I've been thinking lately about disasters -- not only how frequently they have dominated the news this calendar year, but the frequency with which natural disaster comes up in the Bible.
I agree with Stephen Prospero that it's a good thing that most of us no longer attribute "acts of God" actually to God. We understand natural disastsers much better in our generation, even though we're still pretty poor at predicting them and even worse at preventing them. What's astonishing is that we can endure storm after storm without ever confronting the reality that climate scientists are telling us: extreme weather is partly a function of human-caused climate change.
Even worse, we still avoid confronting the stark economic realities that make persistent drought a difficulty in the American South but a human catastrophe in places like Somalia.

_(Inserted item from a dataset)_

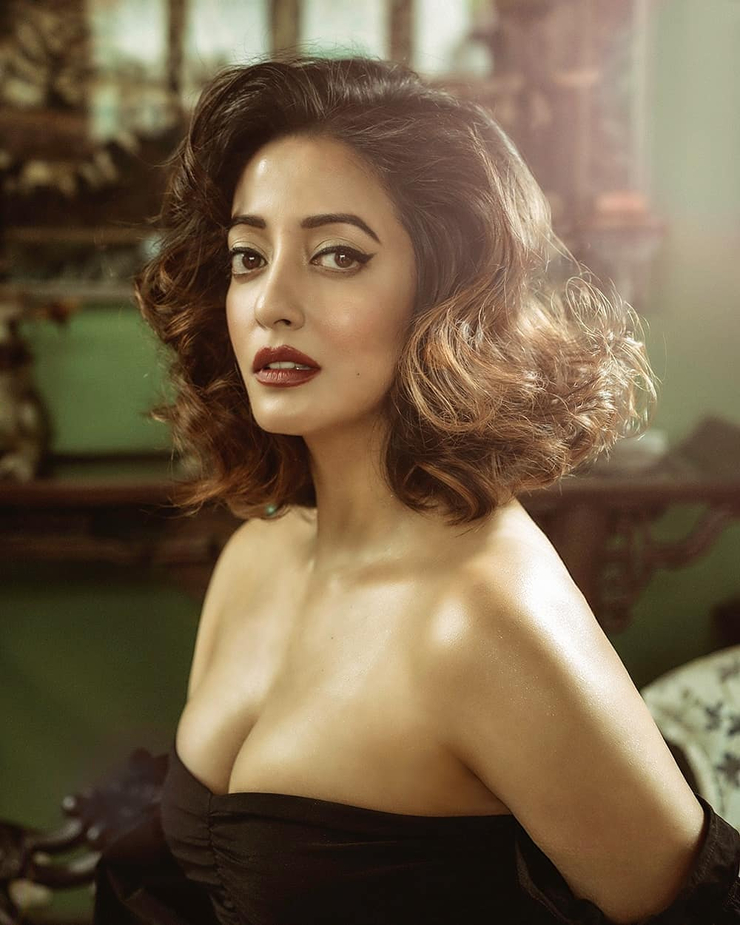 Raima Sen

The lessons of Hurricane Katrina -- that the most vulernable populations in a storm are, well, the most vulnerable in our community -- are still unlearned, or at least unacted on.

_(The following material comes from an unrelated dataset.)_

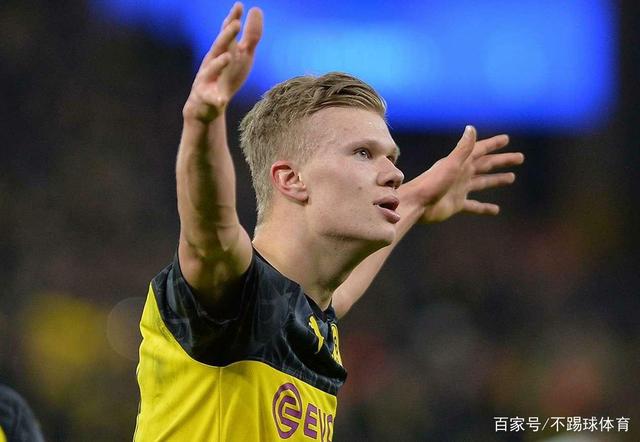 总决赛选手 总决赛选手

Meanwhile, the startling metaphors of the Old Testament, in which human injustice often leads directly to the "divine" reminders of God's displeasure (think Exodus, or Amos), lose a lot of their umph for us. I'm not saying Pat Robertson or Michelle Bachman are right. I just wish that having better science wouldn't give us an excuse to ignore the moral questions raised every time the poor are the first to starve in a famine, be overcome in a flood, or be crushed in an earthquake.